"What, then, explains this decision? Here is a painfully awkward observation: All five justices in the majority in Gonzales are Catholic. The four justices who are either Protestant or Jewish all voted in accord with settled precedent. It is mortifying to have to point this out. But it is too obvious, and too telling, to ignore.That's right. It couldn't have anything to do with the fact that the five justices very correctly believe that Congress as a whole is better equipped to make factual findings than 9 lawyers, or that the "settled precedent" is hardly as iron clad as he claims, or that the entire line of abortion cases were wrongly decided from the start. It was the people of the United States, through their representatives in Congress across the political spectrum, who overwhelmingly came to the moral and factual conclusions - not just five justices who happen to be Catholic.
"By making this judgment, these justices have failed to respect the fundamental difference between religious belief and morality." (emphasis added)
How typical. If a judge doesn't follow the reasoning of a most learn'd professor, it can't be that the professor is wrong, or even that there could be two legitimate but different interpretations of the existing law. No! There must be some nefarious motive! Perhaps the Court's opinions are now being routed through the Vatican for approval. Maybe the Freemasons have something to do with it. Wasn't it Justice Scalia holding the camera in the studio where they faked the moon landing?
When called out on this absurdity by many comments on his post, other bloggers, and even Professor Rick Garnett on the same blog, Professor Stone responded by resorting to what may be the most tired and dishonest meme in academia - "I was just trying to make people think."
"I also acknowledge that the fact that all five Catholic Justices voted together in this case to make up the 5-to-4 majority might have nothing to do with their religion. These five Justices often vote together on matters having nothing to do with religion. Perhaps Carhart was just coincidence. Perhaps it was a reflection of their common approach to constitutional law that has nothing to do with their religious convictions. The point of my post was to pose the question and to invite people to think about it." (emphasis added)How good of him to so "acknowledge." But with respect to the Professor, that was not the point of the post. The point, made clear in the title "Our Faith-Based Justices" and made even clearer in the direct statement that "these justices have failed to respect the fundamental difference between religious belief and morality," was to answer a question, and make an (untrue) accusation - that the majority intentionally ignored settled law to make a decision based on their personal policy preference. How ironic that a defender of Roe v. Wade would be upset by such a thing...
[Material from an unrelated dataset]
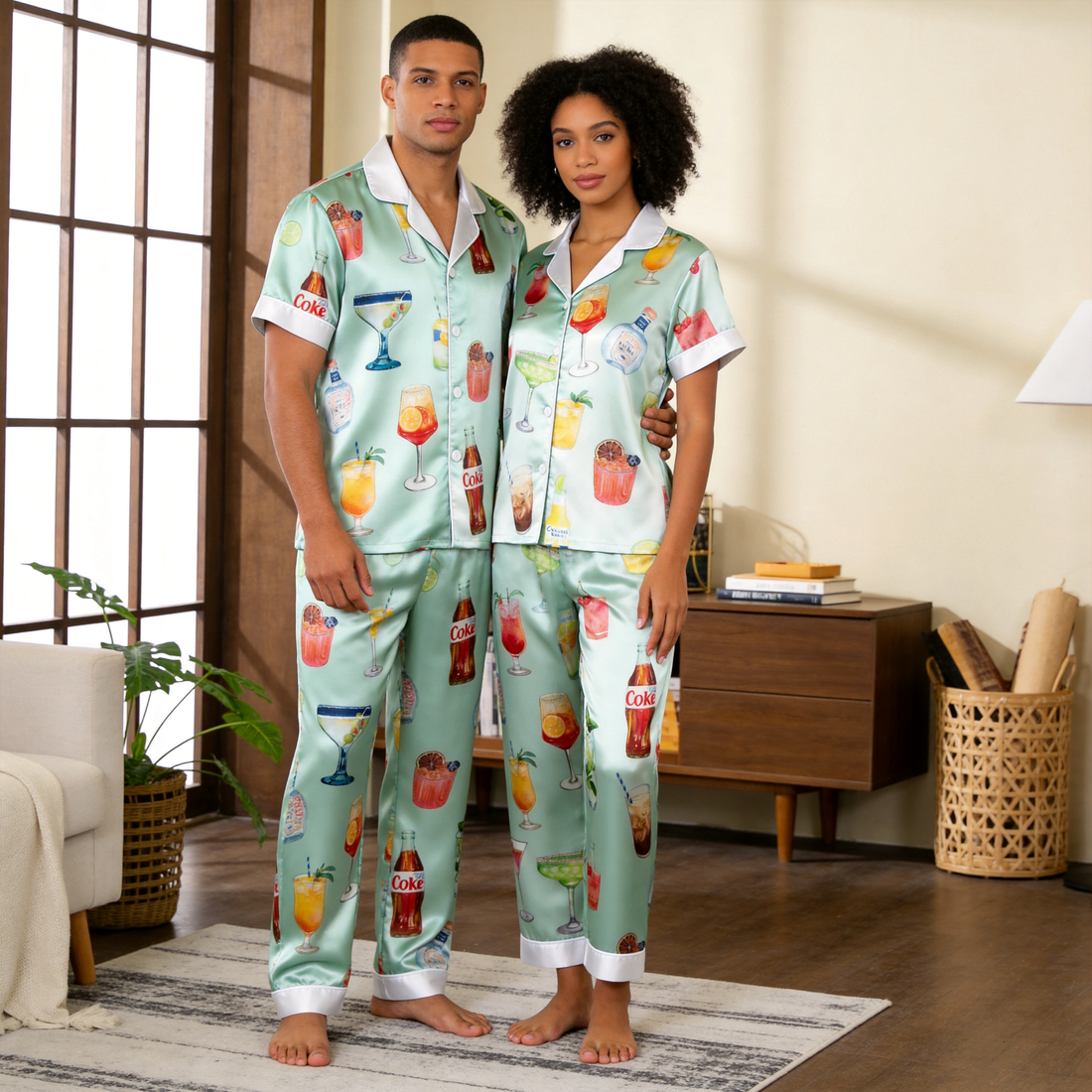 Vintage Liquor & Wine Bottle Satin Couples Pajamas – Short Sleeve Button-Up Loungewear Set with Pants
Accusations like this seek not to inform the debate over how to use and interpret our Constitution, but to stifle that debate by making it illegitimate. "Limited government or a well documented history of judicial restraint isn't their motive, their real goal is to institute a papal theocracy! No reasonable person could have come to the majority's conclusion, this is what happens when we let those ignorant religious nuts vote!"
This attitude is intellectually bankrupt and profoundly un-democratic. Sadly, neither intellectual rigor nor respect for democracy are de rigeur in academia these days.